Welcome to module 4
Now that we can look at penguin data and visualise them, it’s time to summarise our data numerically. Descriptive statistics help us answer questions like:
- What’s a “typical” value?
- How much do values vary (differ)?
- How confident are we about the average value of our sample? Does it accurately reflect the population?

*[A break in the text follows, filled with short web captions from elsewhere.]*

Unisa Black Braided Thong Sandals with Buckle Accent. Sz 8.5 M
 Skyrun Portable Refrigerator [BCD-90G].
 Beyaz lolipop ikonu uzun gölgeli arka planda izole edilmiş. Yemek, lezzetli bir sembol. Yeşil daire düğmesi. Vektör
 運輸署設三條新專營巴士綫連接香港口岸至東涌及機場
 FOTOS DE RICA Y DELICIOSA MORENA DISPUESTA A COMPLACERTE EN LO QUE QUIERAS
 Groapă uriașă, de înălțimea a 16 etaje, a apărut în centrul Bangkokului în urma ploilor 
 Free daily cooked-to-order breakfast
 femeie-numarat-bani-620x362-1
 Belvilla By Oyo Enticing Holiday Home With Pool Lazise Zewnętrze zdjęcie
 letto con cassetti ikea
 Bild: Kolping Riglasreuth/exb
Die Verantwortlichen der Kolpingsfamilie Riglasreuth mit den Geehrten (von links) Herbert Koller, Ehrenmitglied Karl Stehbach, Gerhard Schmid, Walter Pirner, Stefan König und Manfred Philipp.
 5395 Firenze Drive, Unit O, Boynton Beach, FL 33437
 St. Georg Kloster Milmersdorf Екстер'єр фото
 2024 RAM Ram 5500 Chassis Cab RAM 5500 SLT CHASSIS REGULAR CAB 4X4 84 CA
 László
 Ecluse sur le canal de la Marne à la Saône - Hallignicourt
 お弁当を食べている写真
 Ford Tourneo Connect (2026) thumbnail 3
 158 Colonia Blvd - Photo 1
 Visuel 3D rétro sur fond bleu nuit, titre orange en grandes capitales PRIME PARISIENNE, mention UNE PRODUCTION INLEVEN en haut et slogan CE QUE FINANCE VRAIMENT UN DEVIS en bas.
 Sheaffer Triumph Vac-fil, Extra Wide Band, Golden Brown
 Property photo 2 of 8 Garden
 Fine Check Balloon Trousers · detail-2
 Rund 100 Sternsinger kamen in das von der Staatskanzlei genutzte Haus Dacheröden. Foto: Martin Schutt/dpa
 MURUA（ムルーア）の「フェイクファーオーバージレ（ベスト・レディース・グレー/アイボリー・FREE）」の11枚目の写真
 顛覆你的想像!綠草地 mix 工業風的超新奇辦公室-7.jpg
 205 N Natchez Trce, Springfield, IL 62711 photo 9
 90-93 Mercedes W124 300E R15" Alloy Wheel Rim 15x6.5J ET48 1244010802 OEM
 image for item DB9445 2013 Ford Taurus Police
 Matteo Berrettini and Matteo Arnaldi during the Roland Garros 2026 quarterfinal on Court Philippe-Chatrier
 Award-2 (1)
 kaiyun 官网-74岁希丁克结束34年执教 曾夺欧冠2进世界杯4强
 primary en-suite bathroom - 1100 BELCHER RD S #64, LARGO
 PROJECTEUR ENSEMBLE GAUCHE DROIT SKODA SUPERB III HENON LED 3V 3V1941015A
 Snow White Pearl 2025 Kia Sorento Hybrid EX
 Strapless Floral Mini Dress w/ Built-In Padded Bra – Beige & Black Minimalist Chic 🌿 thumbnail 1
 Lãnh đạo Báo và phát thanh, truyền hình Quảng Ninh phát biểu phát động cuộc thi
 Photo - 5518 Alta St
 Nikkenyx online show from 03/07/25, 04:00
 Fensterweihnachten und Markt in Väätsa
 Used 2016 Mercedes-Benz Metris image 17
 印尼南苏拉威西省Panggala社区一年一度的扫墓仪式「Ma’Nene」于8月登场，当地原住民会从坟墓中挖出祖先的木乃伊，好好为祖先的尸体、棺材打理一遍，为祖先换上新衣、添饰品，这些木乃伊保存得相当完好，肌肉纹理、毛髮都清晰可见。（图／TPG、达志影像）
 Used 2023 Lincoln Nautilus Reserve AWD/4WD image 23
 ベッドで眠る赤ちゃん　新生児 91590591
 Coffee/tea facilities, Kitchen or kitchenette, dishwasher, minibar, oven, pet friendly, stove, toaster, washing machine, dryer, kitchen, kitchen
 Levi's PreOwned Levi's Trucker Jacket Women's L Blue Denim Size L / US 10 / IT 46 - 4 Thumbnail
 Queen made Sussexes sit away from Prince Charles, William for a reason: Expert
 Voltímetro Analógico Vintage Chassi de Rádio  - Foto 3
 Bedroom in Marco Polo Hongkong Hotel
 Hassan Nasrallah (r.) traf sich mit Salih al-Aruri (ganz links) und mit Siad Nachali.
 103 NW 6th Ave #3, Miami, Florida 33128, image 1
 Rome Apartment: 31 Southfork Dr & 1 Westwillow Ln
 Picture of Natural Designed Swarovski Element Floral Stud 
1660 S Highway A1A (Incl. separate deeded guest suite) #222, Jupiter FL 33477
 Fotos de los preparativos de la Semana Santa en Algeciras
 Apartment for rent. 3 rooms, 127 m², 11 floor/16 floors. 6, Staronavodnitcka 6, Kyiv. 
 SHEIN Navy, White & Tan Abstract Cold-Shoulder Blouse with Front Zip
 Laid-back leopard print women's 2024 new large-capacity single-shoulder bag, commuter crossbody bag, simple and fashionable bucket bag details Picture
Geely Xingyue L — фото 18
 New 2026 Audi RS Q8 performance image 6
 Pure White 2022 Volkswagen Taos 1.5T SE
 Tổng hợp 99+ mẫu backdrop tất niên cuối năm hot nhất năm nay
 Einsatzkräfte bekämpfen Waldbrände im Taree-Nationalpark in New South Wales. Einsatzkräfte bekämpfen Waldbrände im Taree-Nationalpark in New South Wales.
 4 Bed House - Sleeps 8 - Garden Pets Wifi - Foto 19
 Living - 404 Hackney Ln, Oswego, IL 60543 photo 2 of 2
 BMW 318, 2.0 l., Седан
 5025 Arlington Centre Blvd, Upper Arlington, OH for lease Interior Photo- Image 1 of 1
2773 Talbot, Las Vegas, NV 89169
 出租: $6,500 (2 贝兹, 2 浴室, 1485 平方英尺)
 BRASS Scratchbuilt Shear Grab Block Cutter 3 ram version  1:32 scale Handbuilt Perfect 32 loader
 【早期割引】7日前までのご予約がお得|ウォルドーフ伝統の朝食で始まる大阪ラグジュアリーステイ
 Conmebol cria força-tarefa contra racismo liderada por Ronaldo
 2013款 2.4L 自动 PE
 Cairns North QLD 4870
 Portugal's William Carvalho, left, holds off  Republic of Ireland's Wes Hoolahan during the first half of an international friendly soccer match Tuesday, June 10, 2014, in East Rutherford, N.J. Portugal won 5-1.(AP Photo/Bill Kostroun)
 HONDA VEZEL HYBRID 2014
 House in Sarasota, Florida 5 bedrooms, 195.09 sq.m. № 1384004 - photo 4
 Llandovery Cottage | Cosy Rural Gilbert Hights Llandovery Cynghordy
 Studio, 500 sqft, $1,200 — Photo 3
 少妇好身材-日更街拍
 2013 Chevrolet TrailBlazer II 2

Think of this as learning the language of the data before asking bigger questions.
Prepare your dataset
Notice that we’re now using an additional package, ggplot2. This supports more sophisticated plots and makes it easier to construct high-quality figures.
library(palmerpenguins)
library(ggplot2)
data("penguins")
# Remove only the missing values for columns we need
penguins_clean <- penguins[!is.na(penguins$bill_length_mm) &
!is.na(penguins$species) &
!is.na(penguins$body_mass_g), ]
Here, the square brackets mean ‘look inside this thing’. Square brackets support indexing with rows separated from columns by a comma. So:
penguins_clean[1,]
## # A tibble: 1 × 8
## species island bill_length_mm bill_depth_mm flipper_length_mm body_mass_g sex year
## <fct> <fct> <dbl> <dbl> <int> <int> <fct> <int>
## 1 Adelie Torgersen 39.1 18.7 181 3750 male 2007
…gives you row 1. Similarly,
penguins_clean[,1]
## # A tibble: 342 × 1
## species
## <fct>
## 1 Adelie
## 2 Adelie
## 3 Adelie
## 4 Adelie
## 5 Adelie
## 6 Adelie
## 7 Adelie
## 8 Adelie
## 9 Adelie
## 10 Adelie
## # ℹ 332 more rows
…gives you column one. And,
penguins_clean[1,1]
## # A tibble: 1 × 1
## species
## <fct>
## 1 Adelie
…gives you the cell found at row 1, column 1. You can use more complicated arguments to extract multiple values using an array argument : for concurrent data or c() for non-concurrent data. If that sounds like complete gibberish:
penguins_clean[,2:5]
## # A tibble: 342 × 4
## island bill_length_mm bill_depth_mm flipper_length_mm
## <fct> <dbl> <dbl> <int>
## 1 Torgersen 39.1 18.7 181
## 2 Torgersen 39.5 17.4 186
## 3 Torgersen 40.3 18 195
## 4 Torgersen 36.7 19.3 193
## 5 Torgersen 39.3 20.6 190
## 6 Torgersen 38.9 17.8 181
## 7 Torgersen 39.2 19.6 195
## 8 Torgersen 34.1 18.1 193
## 9 Torgersen 42 20.2 190
## 10 Torgersen 37.8 17.1 186
## # ℹ 332 more rows
penguins_clean[,c(2,5)]
## # A tibble: 342 × 2
## island flipper_length_mm
## <fct> <int>
## 1 Torgersen 181
## 2 Torgersen 186
## 3 Torgersen 195
## 4 Torgersen 193
## 5 Torgersen 190
## 6 Torgersen 181
## 7 Torgersen 195
## 8 Torgersen 193
## 9 Torgersen 190
## 10 Torgersen 186
## # ℹ 332 more rows
The first argument returns all of columns 1 to 5. The second only returns columns 2 and 5.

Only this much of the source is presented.